Sidewalk prophets of doom and Washington lobbyists know the best time to hype an “end of the world” story is just before the world is scheduled to come to an end. But the sidewalks are littered with the placards of doomsayers whose predictions flopped.
That’s why industry lobbyists have been pushing so hard right now for a vote in the lame duck Senate to block EPA from doing its job to protect our health and welfare from the pollution that is driving global warming. And that’s why Texas, the Alone Star state, is going to a second court with the same flimsy tale of woe that left the U.S. Court of Appeals in Washington unconvinced earlier this month.
EPA’s first steps to start reducing carbon pollution from the biggest new power plants and factories are scheduled to begin on January 2nd. So this is the last best time to claim the world is coming to an end. Because after New Year’s Day, it will be clear for all to see that the sun is still coming up each morning, that the juice is still flowing from our power plants, and that businesses big and small are still able to build new factories and create new jobs.
We’ve seen this movie, and we know how it ends. Over and over, doomsayers have claimed the Clean Air Act is about to kill the economy. But from 40 years of progress, we know we can have both cleaner air and a strong, growing economy with more good jobs. And we know that the benefits of the Clean Air Act exceed the costs by as much as 40-to-1.
Earlier this month, the D.C. Circuit Court of Appeals rejected claims by Texas and industry trade associations that EPA’s modest requirements will block construction of new plants and strangle the economic recovery.
Remember, when you make claims like that in court, you have to prove them. But here’s what the court said on December 10th:
With regard to each of the challenged rules, petitioners have not shown that the harms they allege are certain, rather than speculative, or that the alleged harms will directly result from the actions which the movants seek to enjoin.
In fact, except in Texas, big new or expanded facilities will be able to get permits with “best available control technology” pollution limits for greenhouse gases in a timely way in every state, acting either on its own or with EPA’s assistance. Just as they are for other pollutants, those “BACT” emission limits will be bounded by what is technically and economically practical, and will reflect available and affordable control measures to limit increases in heat-trapping pollutants.
Texas’ problems are of the state’s own making. The state’s highest elected leaders are grandstanding to Tea Party types about supposedly unconstitutional federal intrusions into the sovereignty of Texas. Meanwhile, they’re hanging Texan companies out to dry. They’ve refused to change their own regulations to enable the Texas Commission on Environmental Quality to issue permits for carbon emissions to companies wanting to build big new and expanded facilities. And they’ve refused to cooperate with EPA, which is offering a back-up way to issue those permits until the State gets its act together.
Every other state has taken one of the available paths to keep new construction projects going unimpeded. Texas alone has refused. Instead, last week the governor and the attorney general went to a second court -- the 5th U.S. Circuit Court of Appeals in New Orleans -- with the same request to “stay” EPA’s actions that was rejected by the Court of Appeals in Washington.

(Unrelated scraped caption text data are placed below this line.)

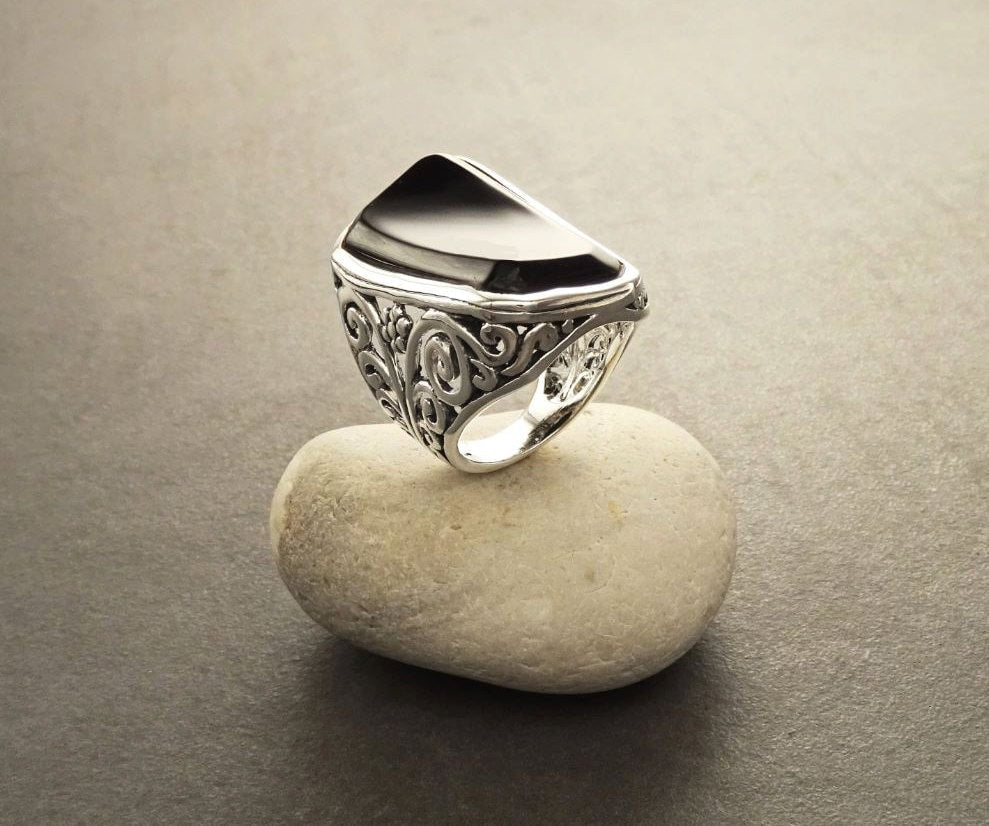 Black Filigree Ring, Sterling Silver, Curved Black Onyx Stone, Vintage Lace Design, Victorian Jewelry, Long Rectangle gemstone. La bague est posée sur une pierre blanche.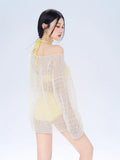 Rear view of the model in the yellow bikini and white knit cover-up.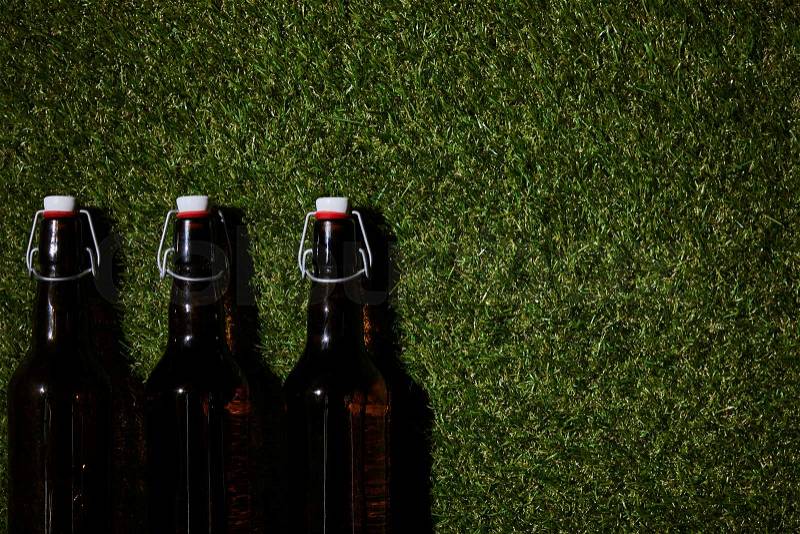Top view of brown bottles with beer lying on grass, stock photo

The fact is that if there’s a “construction moratorium” in Texas in January, it will be the fault of the governor and the attorney general, not EPA.
Texas' latest lawsuit is almost certain to be thrown out, because you don't get to go shopping with the same arguments in a second court when you lose in the first.
Meanwhile, in Washington, the industry lobbyists were pulling out all the stops to convince the Senate that the world is coming to an end in January. In a fact-free, over-the-top two-page letter, the Chamber of Commerce and a hodgepodge of trade associations charged that EPA’s greenhouse gas measures will cause “a virtual freeze on new construction of manufacturing facilities or energy efficiency modifications to existing facilities.” The Industrial Energy Consumers of America chimed in to claim that the rules “are detrimental to private sector investment, economic growth and job creation and will delay US economic recovery” and will “encourage... companies to invest abroad rather than in the US.”
Senate efforts to block EPA’s greenhouse gas measures fell apart late last week, but we know we’ll see plenty of attacks on EPA and the Clean Air Act in the next Congress. By then, however, we’ll have real-world proof that the first steps to curb carbon pollution did not stop the construction of new facilities, big or small.
The doomsayers are trying so hard now because they know that the world will not come to end next year. If Congress just let’s EPA do its job, everything is going to be all right.